When an overzealous parking enforcer chalks the tires of a car, a federal court ruled this week, that action counts as trespassing, not as law enforcement.
The ruling came in the case of Taylor v. Saginaw. In 2017, Alison Patricia Taylor sued the city of Saginaw, Michigan, and a parking enforcer named Tabitha Hoskins. Hoskins chalked the tires of Taylor’s car 15 times between 2014 and 2017. This was done to determine if Taylor had driven her vehicle away from the parking spot and later returned to it, or stayed parked for longer than the permitted time. The multiple markings resulted in numerous citations. Taylor’s suit argued that the chalking of her tires was an unreasonable search that violated the Fourth Amendment. Hoskins maintained that she had qualified immunity.

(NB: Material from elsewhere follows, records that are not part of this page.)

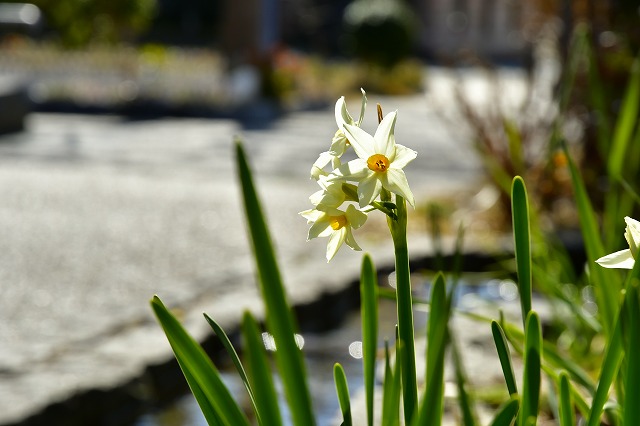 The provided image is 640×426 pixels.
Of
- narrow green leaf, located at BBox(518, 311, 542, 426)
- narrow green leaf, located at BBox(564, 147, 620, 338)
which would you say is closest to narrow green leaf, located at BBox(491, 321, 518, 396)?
narrow green leaf, located at BBox(518, 311, 542, 426)

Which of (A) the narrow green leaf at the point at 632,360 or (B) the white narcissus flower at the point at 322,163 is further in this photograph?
(B) the white narcissus flower at the point at 322,163

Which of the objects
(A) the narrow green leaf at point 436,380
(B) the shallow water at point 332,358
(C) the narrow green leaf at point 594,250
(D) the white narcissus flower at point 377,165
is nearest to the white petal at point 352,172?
(D) the white narcissus flower at point 377,165

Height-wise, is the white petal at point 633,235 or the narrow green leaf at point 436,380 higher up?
the white petal at point 633,235

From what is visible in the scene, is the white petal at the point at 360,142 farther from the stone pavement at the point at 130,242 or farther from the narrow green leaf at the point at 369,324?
the stone pavement at the point at 130,242

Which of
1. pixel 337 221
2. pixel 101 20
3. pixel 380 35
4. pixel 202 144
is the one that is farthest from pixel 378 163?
pixel 380 35

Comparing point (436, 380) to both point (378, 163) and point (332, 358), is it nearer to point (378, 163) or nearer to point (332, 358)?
point (378, 163)

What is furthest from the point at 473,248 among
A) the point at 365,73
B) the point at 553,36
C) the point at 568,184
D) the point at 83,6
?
the point at 365,73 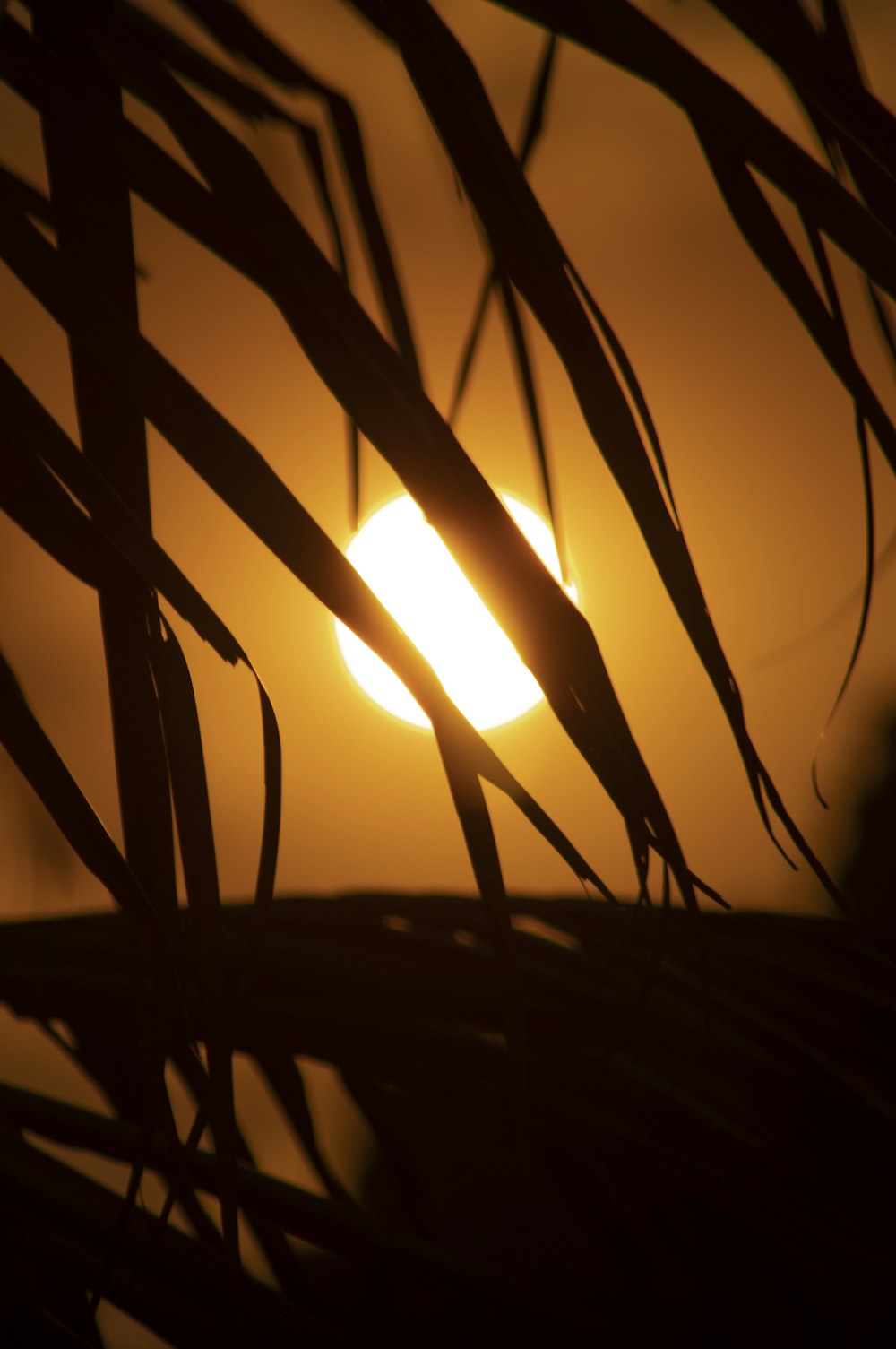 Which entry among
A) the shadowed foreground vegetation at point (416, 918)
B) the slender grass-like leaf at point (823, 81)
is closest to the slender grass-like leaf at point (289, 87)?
the shadowed foreground vegetation at point (416, 918)

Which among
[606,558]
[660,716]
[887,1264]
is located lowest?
[887,1264]

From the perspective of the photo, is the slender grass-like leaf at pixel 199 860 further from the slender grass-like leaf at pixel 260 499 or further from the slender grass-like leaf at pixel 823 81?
the slender grass-like leaf at pixel 823 81

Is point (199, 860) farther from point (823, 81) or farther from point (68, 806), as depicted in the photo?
point (823, 81)

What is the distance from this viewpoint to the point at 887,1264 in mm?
354

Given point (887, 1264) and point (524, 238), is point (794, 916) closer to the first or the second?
point (887, 1264)

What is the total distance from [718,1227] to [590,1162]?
0.05 meters

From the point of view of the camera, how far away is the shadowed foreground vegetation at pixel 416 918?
0.77ft

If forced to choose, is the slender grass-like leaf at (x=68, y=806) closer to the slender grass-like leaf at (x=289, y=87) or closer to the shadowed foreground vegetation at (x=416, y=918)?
the shadowed foreground vegetation at (x=416, y=918)

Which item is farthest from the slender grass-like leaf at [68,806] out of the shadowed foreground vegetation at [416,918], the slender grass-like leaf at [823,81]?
the slender grass-like leaf at [823,81]

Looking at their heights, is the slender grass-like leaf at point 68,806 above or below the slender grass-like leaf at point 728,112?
below

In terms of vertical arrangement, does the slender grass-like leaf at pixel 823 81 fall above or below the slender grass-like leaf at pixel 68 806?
above

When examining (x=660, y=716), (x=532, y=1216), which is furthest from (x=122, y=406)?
(x=660, y=716)

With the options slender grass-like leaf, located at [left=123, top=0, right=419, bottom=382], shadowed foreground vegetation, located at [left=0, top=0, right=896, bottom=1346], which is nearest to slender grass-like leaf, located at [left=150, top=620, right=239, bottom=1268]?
shadowed foreground vegetation, located at [left=0, top=0, right=896, bottom=1346]

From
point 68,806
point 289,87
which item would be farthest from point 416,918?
point 289,87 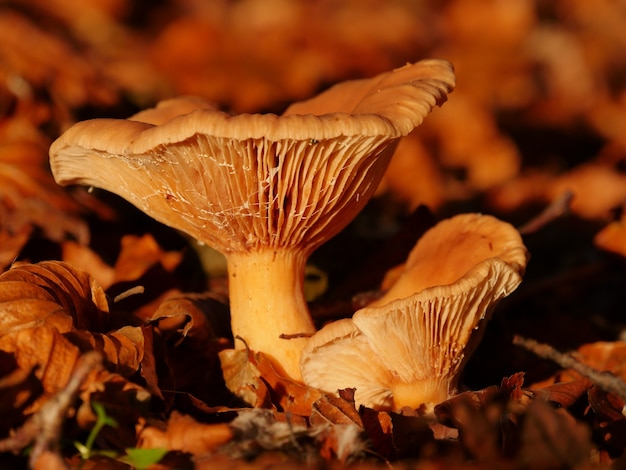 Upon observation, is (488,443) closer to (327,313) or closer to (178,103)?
(327,313)

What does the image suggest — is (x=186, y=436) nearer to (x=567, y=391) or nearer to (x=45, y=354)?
(x=45, y=354)

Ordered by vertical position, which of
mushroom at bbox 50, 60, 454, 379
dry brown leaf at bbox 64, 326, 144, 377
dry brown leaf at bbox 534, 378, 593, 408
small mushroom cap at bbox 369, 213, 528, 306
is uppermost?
mushroom at bbox 50, 60, 454, 379

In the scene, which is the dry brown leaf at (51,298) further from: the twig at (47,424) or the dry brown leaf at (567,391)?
the dry brown leaf at (567,391)

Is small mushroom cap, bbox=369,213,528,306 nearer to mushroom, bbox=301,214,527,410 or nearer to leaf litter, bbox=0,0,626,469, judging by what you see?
mushroom, bbox=301,214,527,410

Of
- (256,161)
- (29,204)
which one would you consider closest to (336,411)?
(256,161)

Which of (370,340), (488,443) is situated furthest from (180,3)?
(488,443)

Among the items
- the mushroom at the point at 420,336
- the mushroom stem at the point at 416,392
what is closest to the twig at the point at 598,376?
the mushroom at the point at 420,336

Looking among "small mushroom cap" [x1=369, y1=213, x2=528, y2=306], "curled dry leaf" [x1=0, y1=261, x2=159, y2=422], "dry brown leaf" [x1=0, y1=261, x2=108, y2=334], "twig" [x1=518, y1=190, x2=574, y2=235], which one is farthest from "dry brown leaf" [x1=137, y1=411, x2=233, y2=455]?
"twig" [x1=518, y1=190, x2=574, y2=235]

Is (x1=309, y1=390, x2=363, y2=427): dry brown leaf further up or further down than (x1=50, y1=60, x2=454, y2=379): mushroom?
further down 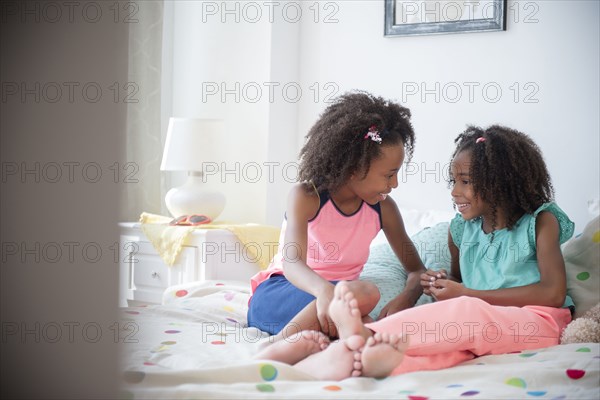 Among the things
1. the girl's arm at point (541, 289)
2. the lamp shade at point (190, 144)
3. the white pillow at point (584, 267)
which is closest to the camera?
the girl's arm at point (541, 289)

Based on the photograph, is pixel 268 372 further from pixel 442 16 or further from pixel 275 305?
pixel 442 16

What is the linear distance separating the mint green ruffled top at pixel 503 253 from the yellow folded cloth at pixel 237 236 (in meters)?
1.01

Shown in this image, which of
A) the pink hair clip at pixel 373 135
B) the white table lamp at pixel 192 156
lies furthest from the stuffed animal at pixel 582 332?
the white table lamp at pixel 192 156

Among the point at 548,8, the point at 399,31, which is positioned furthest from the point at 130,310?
the point at 548,8

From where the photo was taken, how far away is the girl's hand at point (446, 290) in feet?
5.98

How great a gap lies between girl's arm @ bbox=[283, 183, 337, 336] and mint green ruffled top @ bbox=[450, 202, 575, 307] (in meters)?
0.44

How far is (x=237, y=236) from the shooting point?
289 cm

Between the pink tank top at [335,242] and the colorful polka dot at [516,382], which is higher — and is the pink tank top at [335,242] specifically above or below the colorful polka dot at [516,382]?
above

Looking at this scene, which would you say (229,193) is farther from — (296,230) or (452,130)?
(296,230)

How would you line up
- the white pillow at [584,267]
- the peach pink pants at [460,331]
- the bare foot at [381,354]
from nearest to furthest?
the bare foot at [381,354], the peach pink pants at [460,331], the white pillow at [584,267]

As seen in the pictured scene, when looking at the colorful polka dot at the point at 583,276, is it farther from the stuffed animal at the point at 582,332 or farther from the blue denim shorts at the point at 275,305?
the blue denim shorts at the point at 275,305

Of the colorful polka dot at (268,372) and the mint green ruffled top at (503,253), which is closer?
→ the colorful polka dot at (268,372)

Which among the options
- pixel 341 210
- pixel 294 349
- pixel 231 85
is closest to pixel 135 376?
pixel 294 349

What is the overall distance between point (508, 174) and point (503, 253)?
208 mm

On Monday, the U.S. Circuit Court of Appeals for the Sixth Circuit ruled in favor of Taylor. According to the court’s decision, the city failed to prove how Taylor’s car being parked in a certain spot for a certain amount of time threatened an orderly parking system. Because of this, the chalking of Taylor’s car did not qualify for an exemption from the Fourth Amendment’s warrant requirement.
As for the trespassing aspect, the court maintained that the act of chalking the car fit the definition of “common-law trespass upon a constitutionally protected area.” A common-law trespass is defined here as physical contact with property that belongs to someone else.
As The Volokh Conspiracy‘s Orin Kerr has observed, the allegations in this case are pretty uncommon. But it’s likely that the court’s decision here applies broadly to all car owners, not just Taylor.
Could this ruling set a new legal precedent for otherwise run-of-the-mill city operations? Only time, and more lawsuits, will tell.